▶ _Data below_
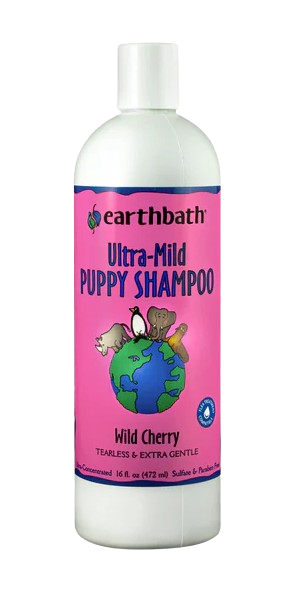Earthbath Ultra-Mild Puppy Shampoo - Wild Cherry, 16oz
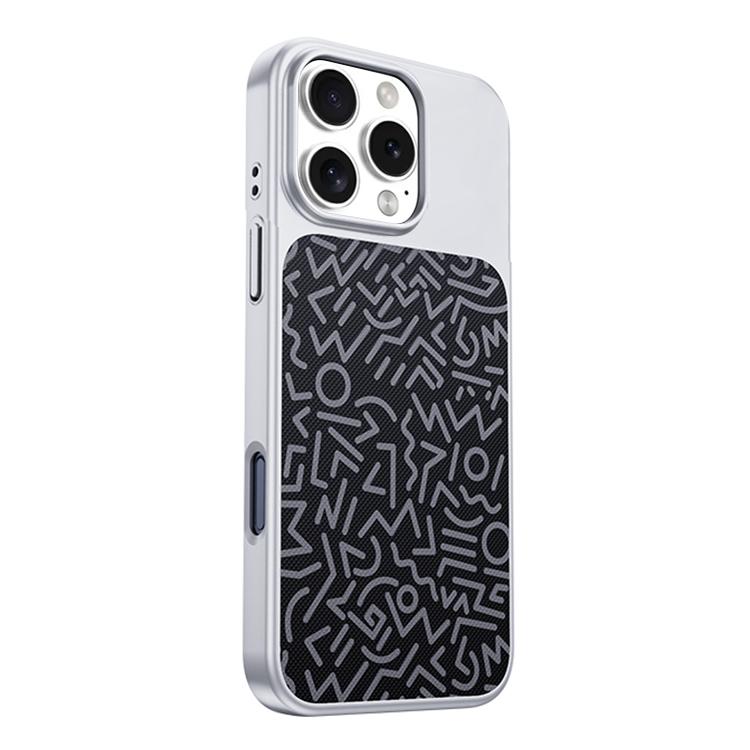 For iPhone 16 Pro Flower World Series Leather Magnetic TPU Phone Case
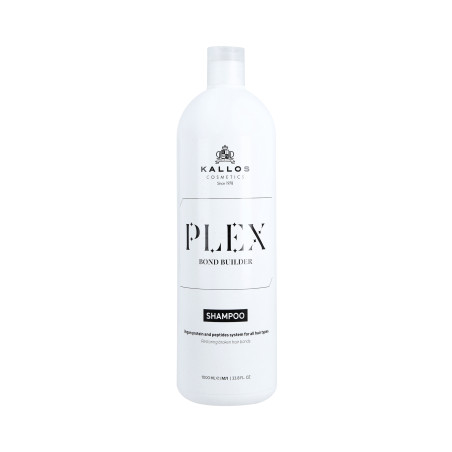 KALLOS PLEX BOND BUILDER Szampon do włosów z białkiem roślinnym i peptydami 1000ml - 1 KALLOS PLEX BOND BUILDER Szampon do włosów z białkiem roślinnym i peptydami 1000ml - 1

▶ _Exercise aim_
Give back the full listing exactly as written, only without its pictures.

▶ _Solution to this problem_
Earthbath Ultra-Mild Puppy Shampoo - Wild Cherry, 16oz
 For iPhone 16 Pro Flower World Series Leather Magnetic TPU Phone Case
 KALLOS PLEX BOND BUILDER Szampon do włosów z białkiem roślinnym i peptydami 1000ml - 1 KALLOS PLEX BOND BUILDER Szampon do włosów z białkiem roślinnym i peptydami 1000ml - 1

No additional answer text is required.